CAMP DAVID, Md.--President Bush said those who agree with a federal judge that his warrantless surveillance program is unconstitutional "simply do not understand the nature of the world in which we live."
"This country of ours is at war," the president said Friday. "And we must give those whose responsibility it is to protect the United States the tools necessary to protect this country in a time of war."
The day before, a federal judge in Michigan struck down the National Security Agency's warrantless wiretapping program, ruling it was an unconstitutional infringement on the right to privacy and free speech. Upon Bush's orders, the Justice Department appealed within hours.
"I strongly disagree with this decision. Strongly disagree," he said of the ruling by U.S. District Judge Anna Diggs Taylor in a case brought by the
American Civil Liberties Union.
Bush suggested he sees the issue as a politically potent one in a year when most of Congress is up for re-election, and GOP control of the Capitol is in danger.
"I made my position clear," he said. "It'll be interesting to see what other policymakers  how other policymakers react."
This president is completely frickin' insane--he's lost it! Bush is claiming that a federal judge doesn't understand the "nature of the world we live in?" And because the judge doesn't understand the "nature of the world we live in" that judge had to strike down the NSA's illegal domestic spying program?
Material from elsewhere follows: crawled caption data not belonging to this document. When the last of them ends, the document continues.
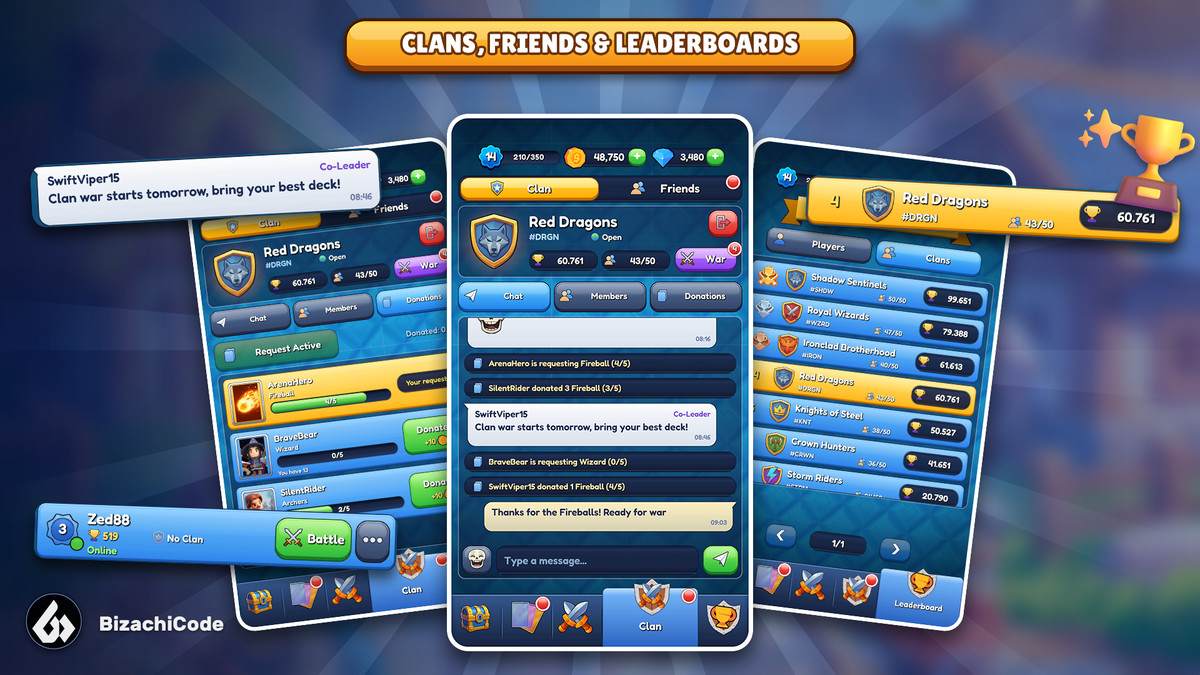 Clash Battle - Multiplayer Card Arena Template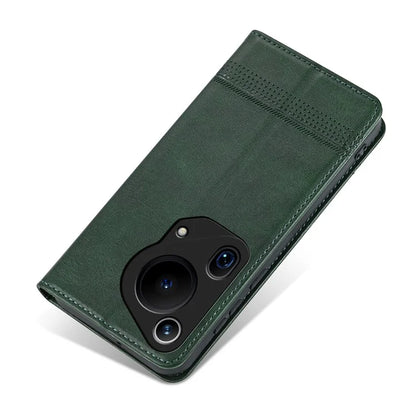 AZNS For Huawei Pura 70 Ultra Case PU Leather Magnetic Closure Shockproof Flip Phone Cover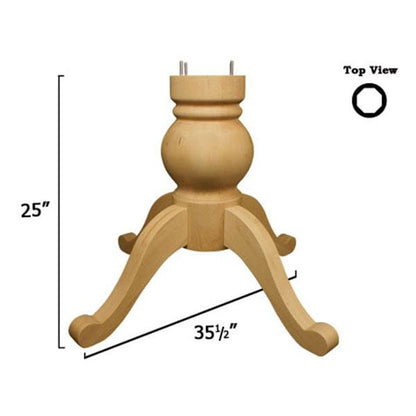 Shallowfd Pedestal Kit Cherry alt 0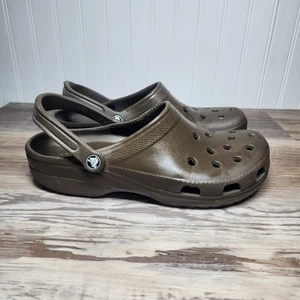 Crocs Classic Chocolate Brown Clogs Mens Size 11 (10001) - Picture 1 of 16
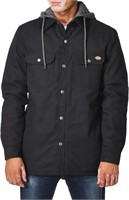 Dickies Mens Fleece Hooded Duck Shirt Jacket-XL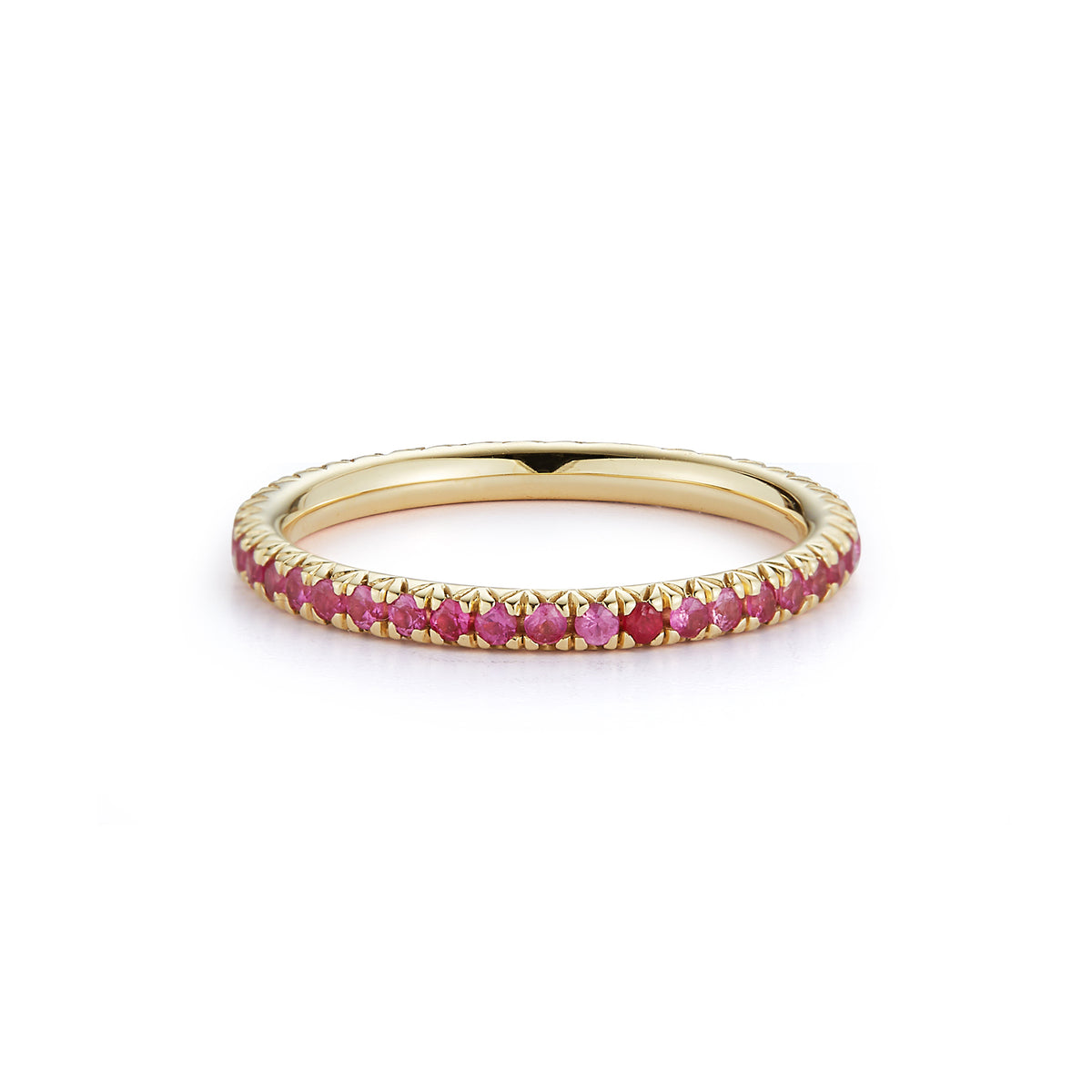 Pink Sapphire "Forever" Ring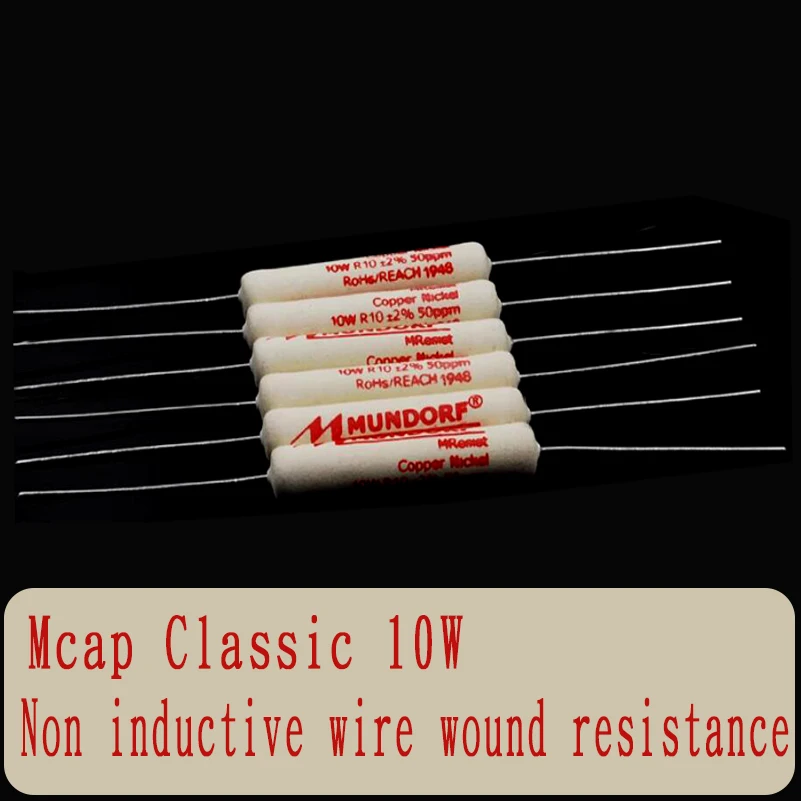 2 Pz/Lotto Mundorf Mcap Classic 10W Mrec-10 Series Resistore Divisore Di Frequenza A Filo Avvolto Classico Non Induttivo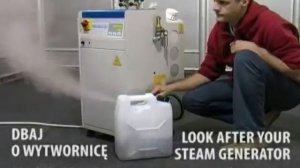 How to clean steam boiler of steam generator Primula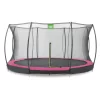 EXIT TOYS EXIT Silhouette Inground Trampoline ø427cm Met Veiligheidsnet - Roze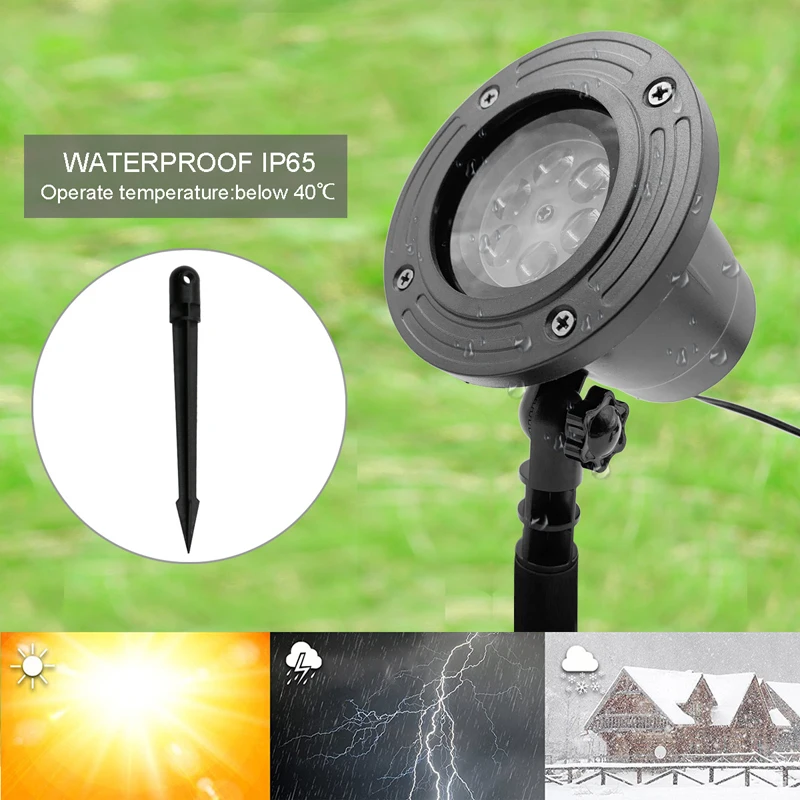 Новый лазерный проектор IP65 движущийся снег снежинка светодиодная сценическая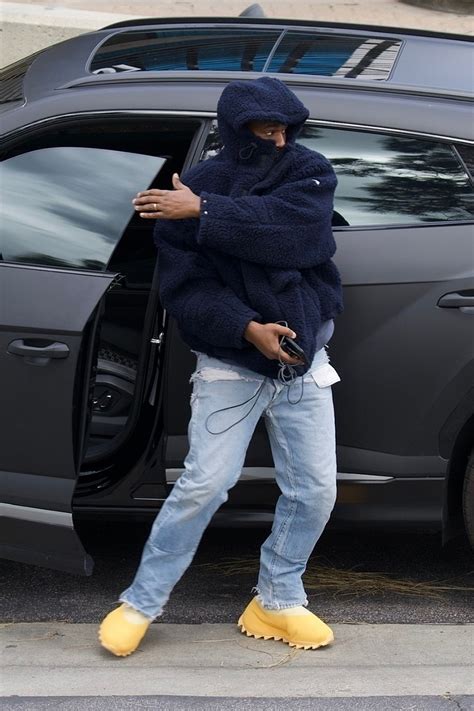 Kanye West Steps Out In A Yeezy Season 8 Boot For The First Time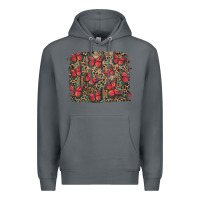 Rock Easter Butterflies Background Premium Hoodie - RanaPortraitStore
The only person who doesn't seem to understand the "nature of the world (and the United States) we live in" is President Bush himself. We live in a country where our rights and freedoms are protected by the Constitution and Bill of Rights. We have the freedom of speech, the freedom of privacy, and the freedom of unwarranted searches and seizures by the government. The NSA wiretapping program allows the government to domestically spy on American citizens by skirting, ignoring, and rejecting these constitutional rights that we have. This NSA spying program has been instituted without the need for the administration to get a search warrant from a judge. Mr. President--that is illegal under the Constitution and Bill of Rights. The Bush administration could have instituted the wiretaps first, and then have gone to the FISA courts to obtain a warrant 72 hours after first instituting the wiretaps. But that would still require getting a search warrant from a judge, which would require "probable cause." And if the judge says no, then the wiretap is nixed. The Bush administration doesn't like sharing power with the other two branches of government--President Bush would rather accumulate totalitarian power upon himself. Bush even said it would be easier to run the country as a dictatorship--"A dictatorship would be a heck of a lot easier; there's no question about it." George Bush may have been joking about it, but the fact that he publicly made this statement shows the disdain and contempt he has for our constitutional system of checks and balances. This man's corrupted desire was not to become president of the United States, but rather become its first dictator. And for six years, he has been well on his way of achieving this goal.
That is--until a federal judge stomped him.